Is BJP barking up the wrong tree in Kerala, Gujarat?




Amit Shah Flags off Jan Raksha Yatra in New Delhi against left sponsored political violence in Kerala

Though Assembly elections in Kerala and West Bengal are more than three and a half years from now yet the manner in which the Bharatiya Janata Party is putting its efforts in these two states indicate that these two states are going to polls along with Gujarat in coming December.

On Sunday (October 8) its national president Amit Shah led a Jan Raksha Yatra to the CPI (M) headquarters in Delhi in protest against the alleged killing of RSS and BJP cadres in Kerala. A few days back he had launched the same Yatra in that state.

Shah is frequently visiting these two states, where the BJP, till a few years back, hardly existed. The saffron party is repeatedly raising the issue of killing of RSS cadres in Kerala though it is also a fact that equal number of ruling CPI (M) workers have died at the hands of Sangh Parivar men.

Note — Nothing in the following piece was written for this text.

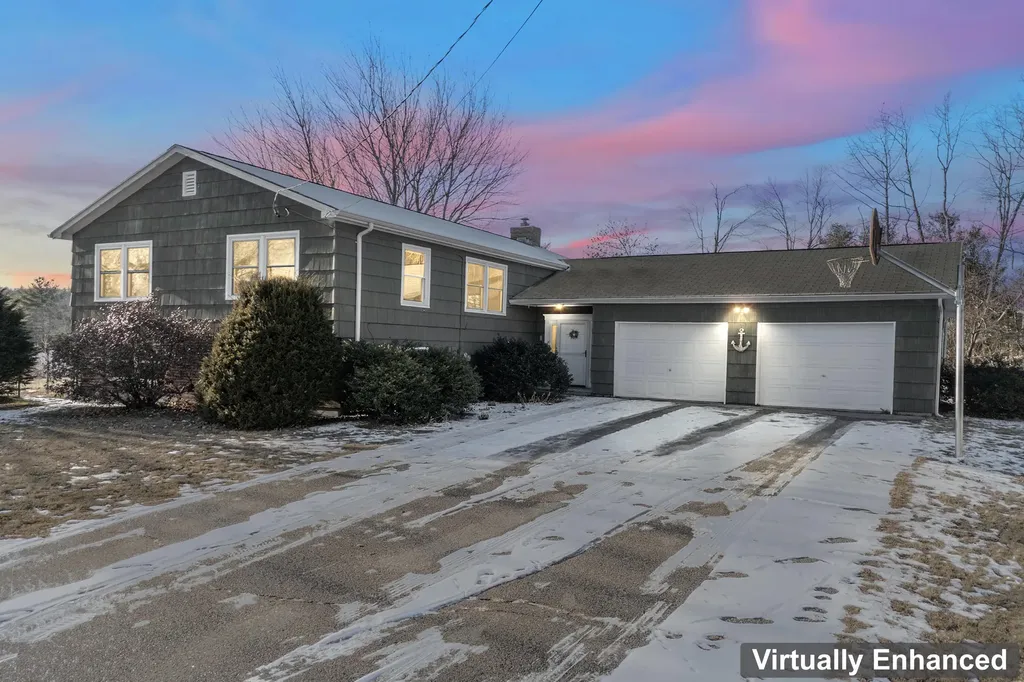 6 Apple Lane Standish ME 04084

Not only that the party is repeatedly raising the issue of love-jehad, though they are yet to coin any appropriate phrase for Christian-Hindu marriages which too are quite common in the state.

In Bengal the saffron party has been accusing chief minister Mamata Banerjee of adopting the policy of Muslim appeasement, though it is also a fact that her Trinamool Congress was an ally of the BJP when Atal Bihari Vajpayee was the prime minister.

Political observers are of the view that the BJP is in a hurry as it is not waiting for the Assembly polls. In fact it wants to make inroads into these two states for the 2019 Lok Sabha election.

They are the two states where the Congress is not a ruling party. Instead TMC and Left Democratic Front are firmly ensconced in them.

The problem with the BJP is that it has reached its saturation point in the states where it had done extremely well in 2014 Lok Sabha election. For example the BJP led alliance won 73 (out of 80) and 31 (out of 40) seats in Bihar.

In its traditional bastion of Gujarat as well as Madhya Pradesh, Rajasthan and Chhattisgarh the incumbency factor may go against it in 2019. In Maharashtra much depends on the role of Shiv Sena as well as NCP.

Though there are other states like Tamil Nadu, Andhra Pradesh, Telangana, Odisha and Congress-ruled Karnataka yet Kerala and Bengal are somewhat different. They both have more than a quarter Muslim population and the BJP can easily whip up the communal passion.

In West Bengal the party wants to fill the gap created by the weakening of the Left parties. Several of their cadres have in fact crossed over to the saffron party.

In Kerala they want to push the Congress aside and emerge as an alternative to the LDF.

However, analysts doubt that the BJP would be able to make its presence felt in these two states. The party was routed in these two states only 17 months back and performed badly in the civic bodies poll in Bengal.

A Delhi-based commentator told TMC that the saffron party is in fact going to lose heavily in Assam in 2019 as Badruddin Ajmal’s AIUDF is bound to ally with the Congress.

“Besides, if things did not go well in Gujarat in the coming election the whole exercise may prove counter-productive in Kerala and Bengal, where the people in general do not like the rabid Moditva policy,” said an analyst.